The assignment is intended to be very challenging and push your programming
skills significantly further than Grok, as well as testing your algorithmic
thinking. However, it is also intended to be fun, and a very close analogue to
a real world task. The first time I coded the full version of the attack for
the research paper took me a long time! You can anticipate that this
assignment might also take quite a while, but the payoff will be in your new
skills and learning.
THE FOLLOWING IS FOR INFORMATIONAL PURPOSES, YOU DO NOT HAVE TO READ THE
RESEARCH PAPER:
The inspiration for this assignment is the research paper “Practical state
recovery attacks against legacy RNG implementations” by Shaanan N. Cohney,
Matthew D. Green, and Nadia Heninger, with more details at duhkattack.com.
Read all the instructions carefully and make sure you understand what is
expected of you
Full Story (just for fun)
Watch the video here and read the accompanying description!
The (Short) Story
You have intercepted an encrypted message, and know some details about how it
was generated. The message was produced by taking the xor of the original
message with some key k1 .
This key, k1 , was produced using a pseudorandom number generator at times T11
to T19 .
However, while you know all the times at which the generator was ever used (T0
to T19 ), you only have access to outputs from T9 and T10 (O9 and O10 ).
You reverse engineered the generator and found it used a second key, k2 .

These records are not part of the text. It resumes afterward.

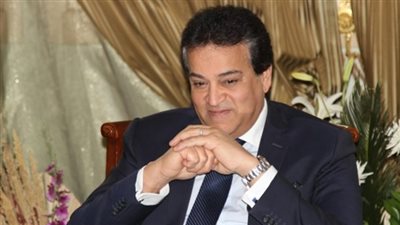 تقرير كامل أمام وزير التعليم العالي عن حدوث ظاهرة خسوف القمر 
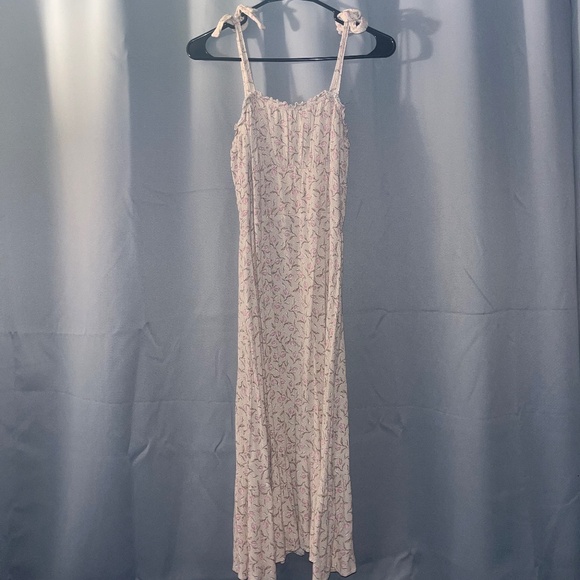 Flower dress - Picture 1 of 2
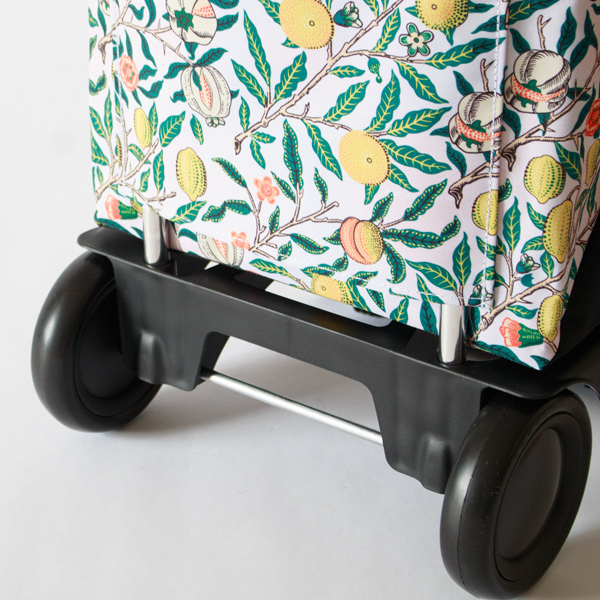 静かな走行音を実現する樹脂製タイヤ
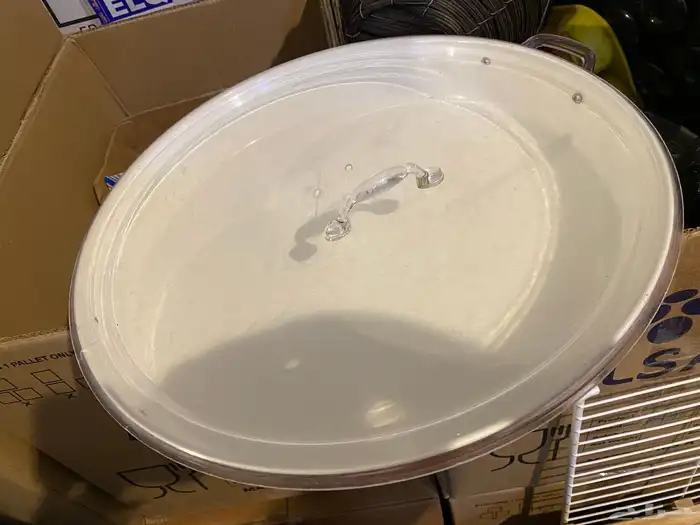 صينية فطور معدن جميله بغطاء 0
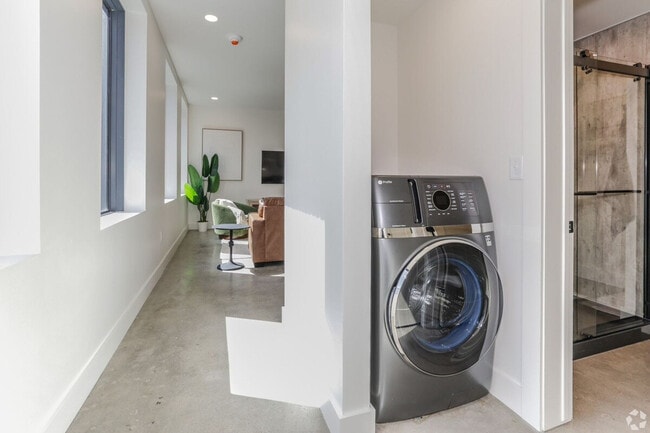 Photo - 112 W 4th St Unit ID1335127P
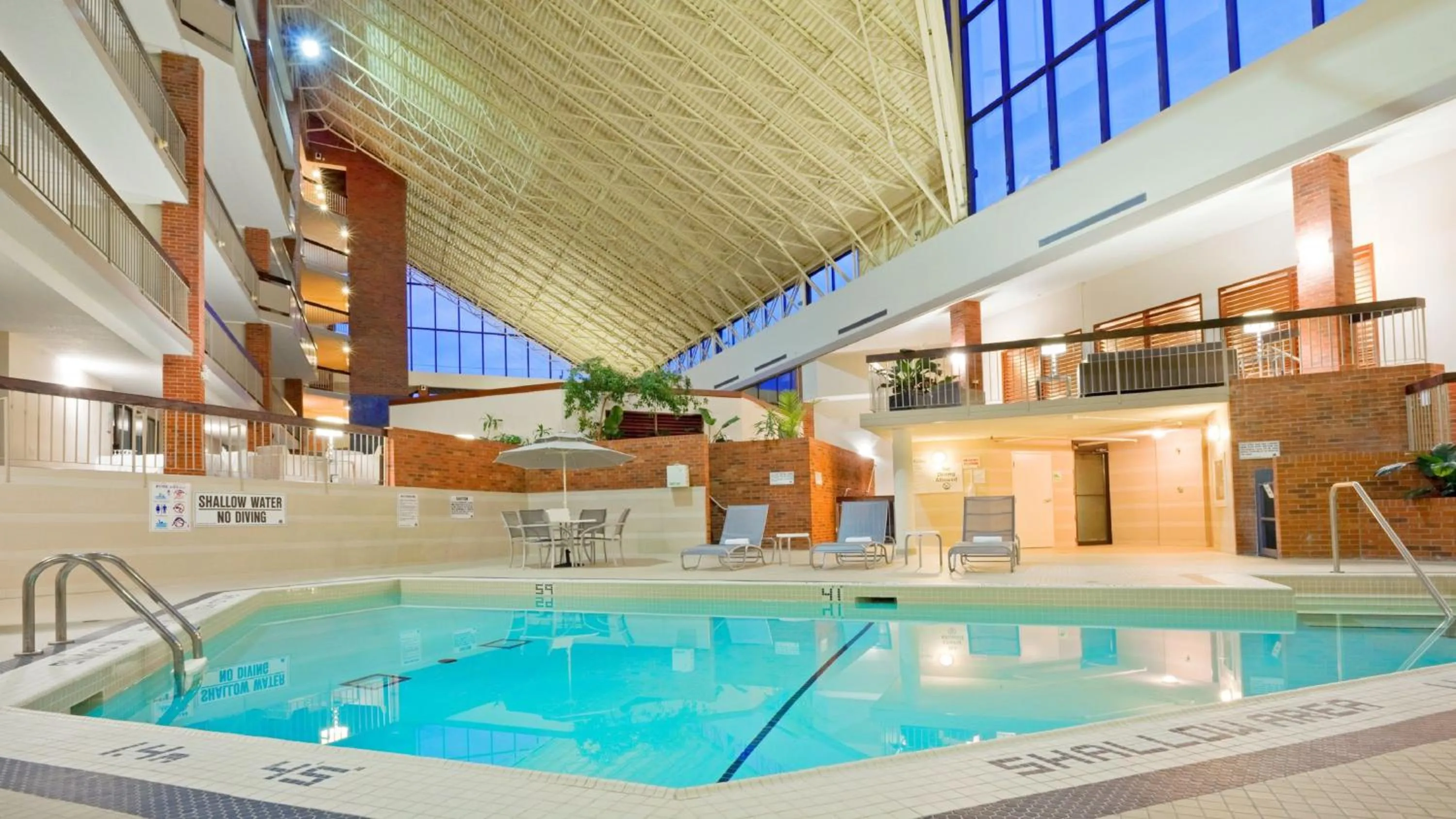Swimming pool in Holiday Inn Oakville Centre by IHG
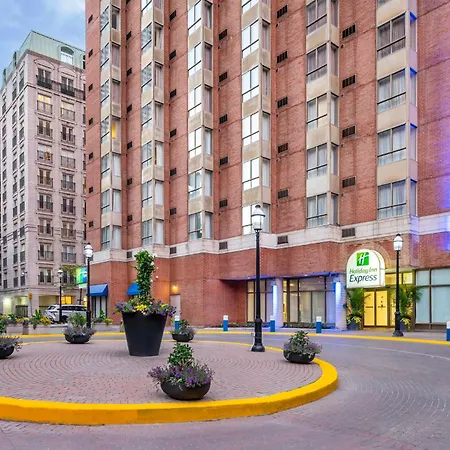 Holiday Inn Express Toronto Downtown By Ihg-2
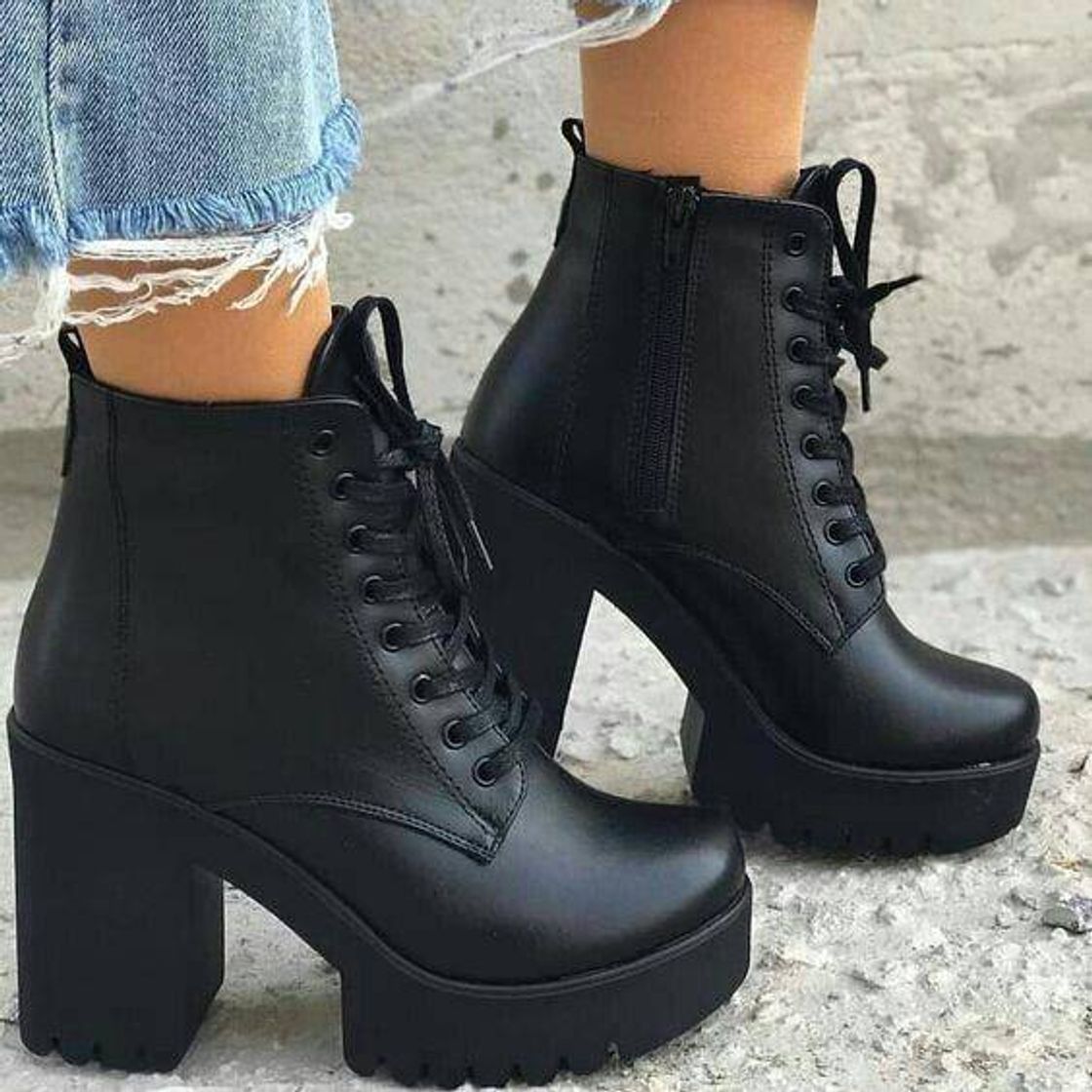 Fashion 😍Bota Coturno Tratorada Vicerinne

Your goal is to reconstruct k1 , and use it to decrypt the original message.
Background Material
The following additional material provides context for the assignment itself.
You can also watch the videos uploaded to the LMS for a walkthrough of the
assignment and the background material.
Generating Random Numbers
Computers don’t know how to be truly random. While one can purchase a device
to measure very unpredictable phenomena (like radioactive decays) and convert
them into random numbers, most computers have no such hardware. Instead,
computers rely on algorithms that produce random looking output that is very
hard for an outsider to distinguish from output that is truly random. How
hard? We say that no algorithm that runs in polynomial time (Big O of any
polynomial) should be able to tell if the output is truly random or not with
anymore than an minute probability. We call these pseudorandom number
generators.
Importantly, the sequence of random numbers should also not be guessable. If
you see prior output from the algorithm, they should be so “random” that you
can’t guess what will come next. This is important because we typically use a
random generator to make random keys for encryption.
One well known algorithm to generate random numbers is the the following
pseudorandom number generator (known as the ‘ANSI X9.31 DRBG’).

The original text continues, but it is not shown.